"The ability to act fast can make all the difference"
There is a commercial for Shell Gas that starts with this sentence. It bugs me every time I hear it.
I think they are using 'fast' incorrectly. It's an adjective and they are using it as an adverb.
What do you think?
*sigh* I think you're right, though I sometimes find it quite aggravating.
It's not the pace-the-floor, pound-fist-on-desk type of aggravation; more like the "the milk smells like it's going to go bad about an hour after you drink it" or "you can't find your reading glasses and the writing is too small, so you don't know how the vet wants your to give these suspiciously suppository-looking pills to your dog to cure his cough" type of aggravation.
It's an adjective and they are using it as an adverb.It's been an adverb for ever so long a time: Chaucer
uses it as an adjective and as an adverb amongst other parts of speech. You are kidding, right?
You are kidding, right?
Nope. It really bugs me. It doesn't fit the sentence at all and trips off of your tongue when you say it.
When I was a lad it was common practice (amongst the lads) to toss something (it could have been most anything, up to but not including an actual, live hand granade) at someone whilst screaming "Think Fast!!" -- the yell being intended to put one off ones game.

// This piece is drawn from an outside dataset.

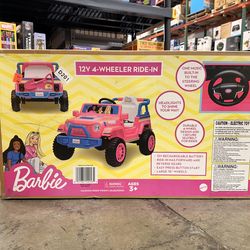 Barbie 12 Volt 4-Wheeler Ride In Electric Toy Car Brand New In Box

I don' think we were playing at Chaucer back in the 50s, nor did we give the matter of proper grammar much of a glimmer; but acting fast (or quickly) was certainly required.
'zactly as I 'member it, tsuwm.
oh, of course, we allus' said "think fastly!"....
In an effort to promote the mental health of all I urge the prescriptivists in our midst not to take it all so seriously
FWIW, noted today in Recent DVD Releases:
The initial Mr. Moto (Peter Lorre, 1937) film was titled Think Fast, Mr. Moto.